We've been monitoring the ArcMC and noticed that most of our Connectors have some level of Queue drops shown in ArcMC. While, this was unnoticed for a long while, once taken into consideration we've been monitoring it very closely and the drops are quite significant on most connectors. I'm not certain if this is related to the volume of events, types of events, parsing related performance of the connector or in general itself. We aren't able to deduce the RCA so far and its been a month of investigation even with the support team involved but no breakthrough so far. Hoping for any known issues or suggested resolutions from fellow members here.
To give a brief of the overall issue,
We've a setup where few syslog connectors (UDP) collecting logs from 3 sources basically have huge EPS and we've seen the issues begin from here:
Connector1 - collecting Cisco ASA logs - receiving avg.
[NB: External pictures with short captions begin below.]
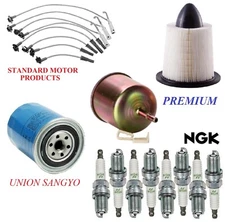 Tune Up Kit Air Oil Fuel Filters Wire Spark Plugs For FORD RANGER L4 2.3L 95-97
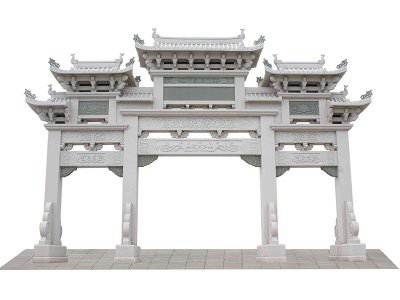 石雕欄桿、石拱橋、石欄桿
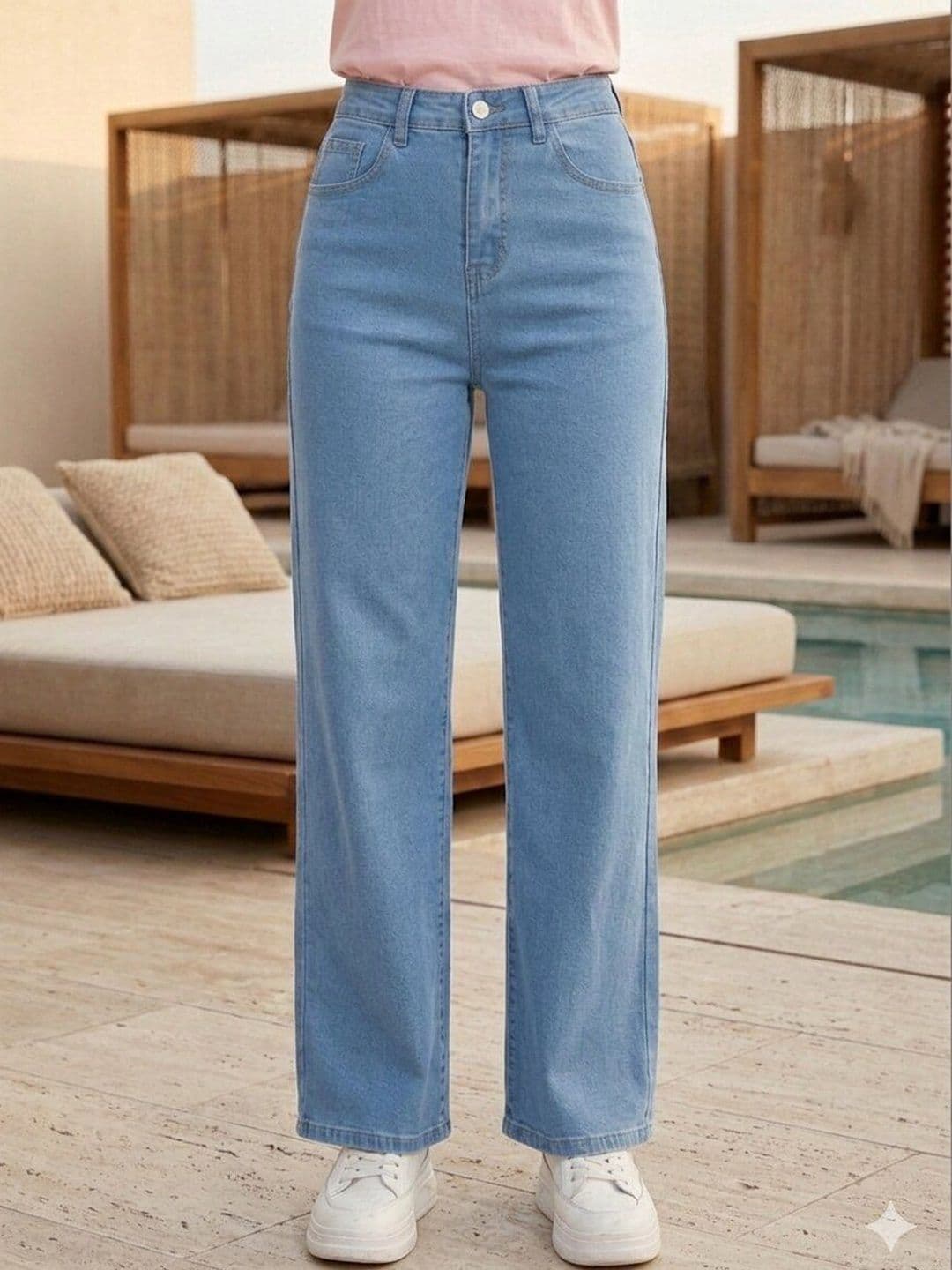 SZN Women Straight Fit High-Rise Stretchable Jeans - view 1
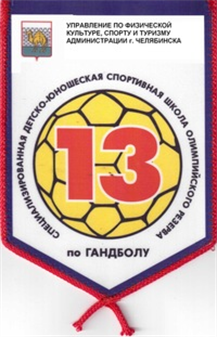 Муниципальное бюджетное учреждение дополнительного образования детей «Специализированная детско-юношеская спортивная школа олимпийского резерва №13 по гандболу»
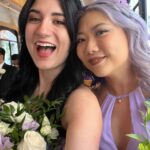 Anna Brisbin Instagram - HAPPY MAWWIAGE to @ms_brittanyjean & @victorioust13, two of the best, most supportive, most compassionate, most down for anything friends out there. So grateful NYU quidditch brought you (and us) together. 💜 Thanks for letting me part of your magical day. ✨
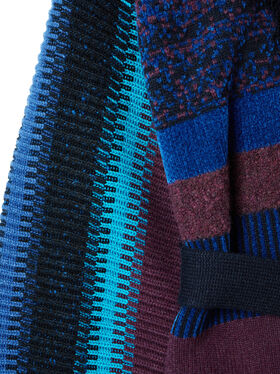 Alanui Giorgio Armani for Alanui Cardigan Blue-Purple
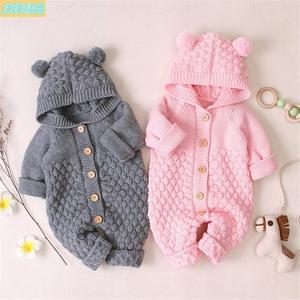 Baby boy girl Clothes New born for Winter Rompers Newborn 新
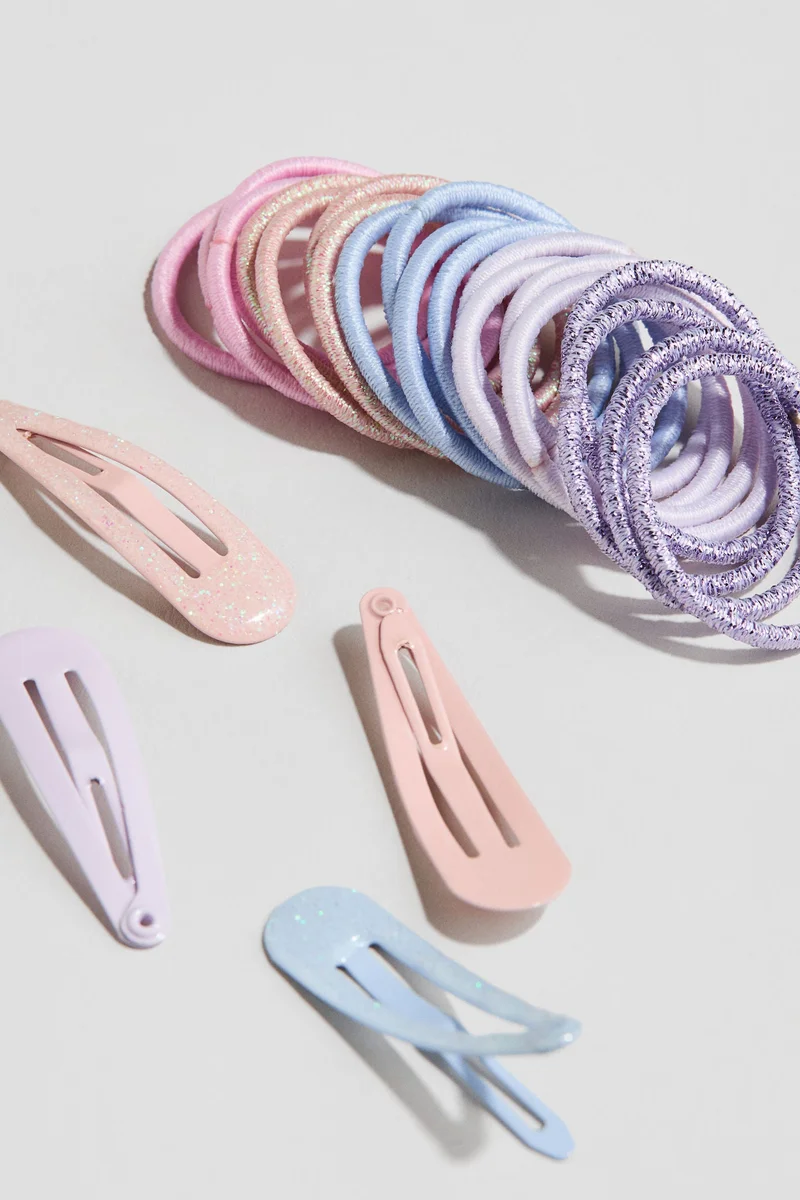 H&M Hair elastics and clips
EPS of around 15-18k - constant Connector queue drops
Connector2 - collecting Fortigate logs - receiving avg. EPS around 13-15k - constant Connector queue drops
Connector3 - collecting Bluecoat logs - receiving avg. 10k EPS - constant Connector queue drops
We were certain the high volumes are causing the events to drop from the queue before it reaches the processing cycle. So we deployed ArcSight Load Balancer and split the traffic between different connectors.
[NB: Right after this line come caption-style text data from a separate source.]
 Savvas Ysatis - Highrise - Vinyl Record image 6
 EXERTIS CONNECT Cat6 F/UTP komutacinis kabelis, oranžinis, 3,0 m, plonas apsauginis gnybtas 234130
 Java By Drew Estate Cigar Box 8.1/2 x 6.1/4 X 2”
Cisco ASA - 6 Connectors - 2-3k avg. EPS per connector - some of the connectors are functioning properly while around 4 are dropping from the queue.
Fortigate - 5 connectors - 2-3k avg. EPS per connector - all connectors dropping from queue.
With the above scenario, all the connectors have similar configurations across them - 4GB of JVM, linux hosted, syslog UDP. Additional configurations - ASA connectors have map files added; Fortigate and ASA connectors have aggregation applied.
Even without the aggregation applied, the connectors are dropping from the queue, so this is not related to the aggregation/filtration applied. We've ruled out EPS related concern as well as the connectors are processing around 2-3k EPS which shouldn't be an issue at all. Parsing wise while there are no issues, the concern is of events being dropped from the queue.
Suggested actions from the support:
-adding few parameters to the agent.properties such as multithreading, increasing queue size, increasing batch sizes, etc. - applied all but issue exists
-disabling the queue on the connector - rejected as its not an acceptable solution.
-upgrading the connector to latest 8.1 Framework as it has significant performance enhancements - done on one of the connector to confirm, but still issue persists.
Attaching snips for the patterns observed from the queue drops.
Any helpful pointers to resolve the issue of connector drops are welcome.